Se Cairo e Mihajlovic ragionano all’unisono lo si capirà a gennaio
“La parola Europa non la pronunciavo prima perché non volevo mettere troppa pressione a Ventura, a cui non piaceva essere sotto pressione – aveva detto nei giorni scorsi il presidente Cairo ai microfoni di Radio 2 – ora, invece, la dico. Mihajlovic è uno che la pressione la cerca e quindi perché non dire quella parola?”. La sana ambizione di Mihajlovic era già emersa in tempi non sospetti durante la prima conferenza stampa da neo allenatore granata quando parlò subito d’Europa come collocazione naturale per il Torino. Il mercato estivo allora non aveva ancora aperto i battenti e c’erano solo accordi e intenti fra lui e la società, sono passati cinque mesi, fra alti, parecchi, e qualche basso, sia sulla conduzione e le scelte di mercato sia sull’andamento della squadra, ma si può affermare con grande convinzione che gli intenti iniziali del mister si stanno trasformando in realtà, infatti, la squadra a quasi un terzo del campionato è al settimo posto a sole tre lunghezze dalla coppia Lazio-Atalanta che occupa la quarta posizione della classifica e con il Napoli che di punti ne ha due in più dei granata ed è sesto.

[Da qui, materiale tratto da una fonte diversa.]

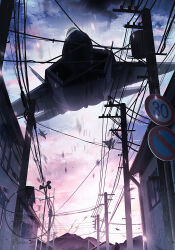 absurdres ace_combat ace_combat_7 aerial_battle aircraft airplane antennae battle blue_sky building cloud cloudy_sky commentary_request contrail dogfight dust f-22_raptor fighter_jet from_below highres low-altitude_flight military_vehicle motion_blur mountainous_horizon no_entry_sign no_humans onigiri_maru_(maruchosu) outdoors power_lines road road_sign sign sky street tree utility_pole vehicle_focus watermark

Il Torino è in piena corsa per l’Europa League e nessuno considera più questo obiettivo un sogno nel cassetto da tenere ben nascosto, ma un traguardo da raggiungere. Rendere pubblici gli intenti è assolutamente positivo, ma non basta perché ci vogliono i fatti. La squadra ha una rosa di livello più che discreto, ma va migliorata per renderla competitiva fino alla fine della stagione. I gol presi, sedici in dodici partite, per una formazione che punta all’Europa sono un po’ troppi e anche le vittorie in trasferta vanno assolutamente incrementate, una sola su sei gare disputate è poco.

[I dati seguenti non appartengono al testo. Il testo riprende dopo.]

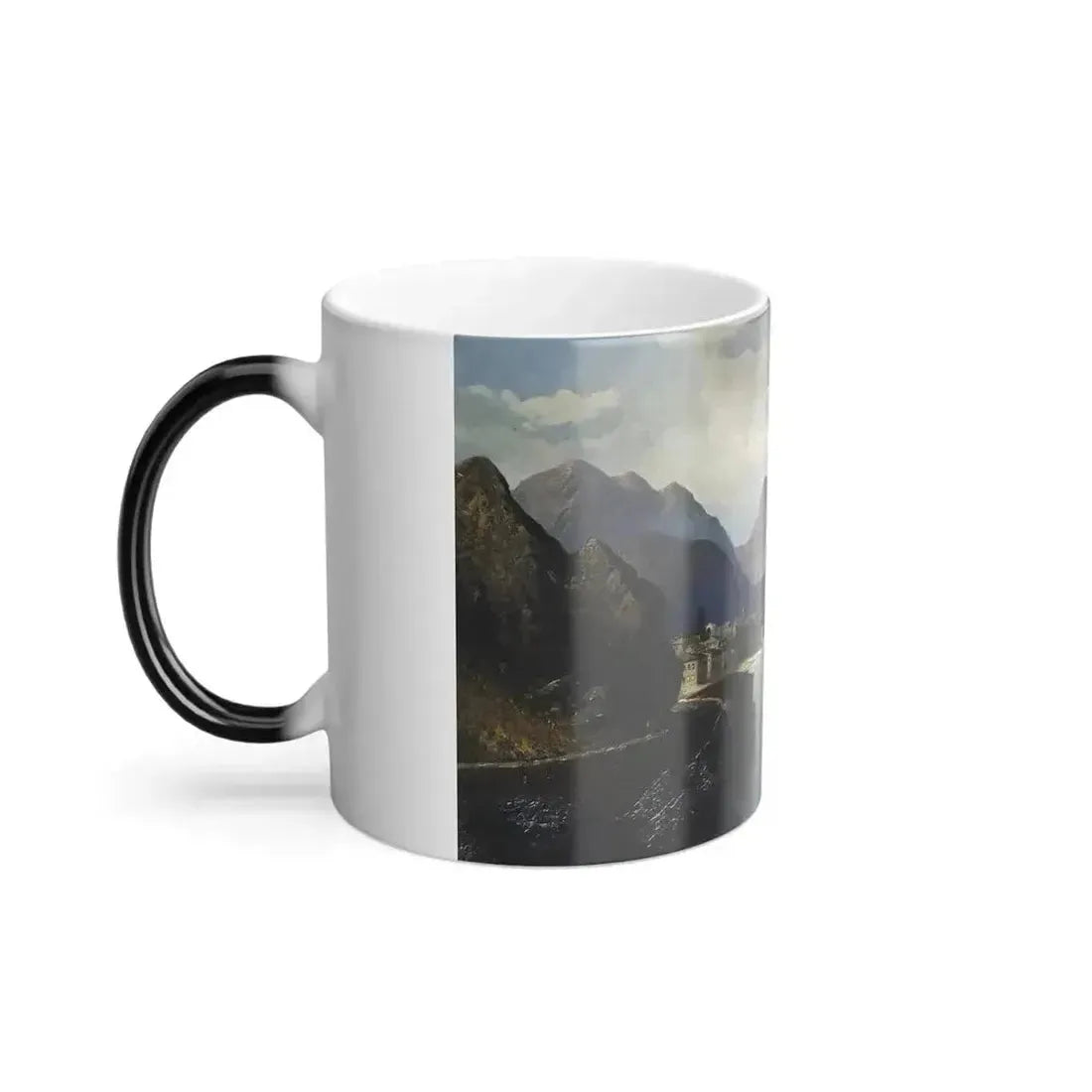 Charles Marchand (1843-1901) A lakeside town in North Italy - Oil on Canvas 1881 - Color Changing Mug 11oz - Go Mug Yourself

Nella sessione di mercato di gennaio la difesa va rafforzata e magari anche il centrocampo e qui tocca a Cairo non lesinare gli sforzi, d’altro canto Mihajlovic deve continuare a ricercare soluzioni per migliorare il gioco difensivo e ridurre il numero di reti subite su palla inattiva e sui cross spioventi in area. E’ vero che sono i giocatori che in campo devono assolutamente essere più concentrati in queste situazioni, ma se continuano a perseverare incappando in certi errori tocca all’allenatore inventarsi qualche soluzione, almeno fino a quando dal mercato non giungeranno calciatori che siano meno distratti. L’unione d’intenti fra l’allenatore è il presidente è fondamentale per riportare il Toro in Europa e il mercato costringerà tutti a giocare a carte scoperte: se arriveranno i giusti rinforzi sarà Mihajlovic a dover condurre la squadra dove per primo ha indicato che deve arrivare, se non saranno presi i giocatori che servono allora toccherà a Cairo spiegare perché ha voluto tenere ancora il sogno chiuso nel cassetto. Oggi l’ottimismo è giustificato e sono le stesse parole pronunciate da Mihajlovic prima e da Cairo poi a sdoganarlo, ma non significa che ci si accontenti di discorsi perché tutti si aspettano i fatti.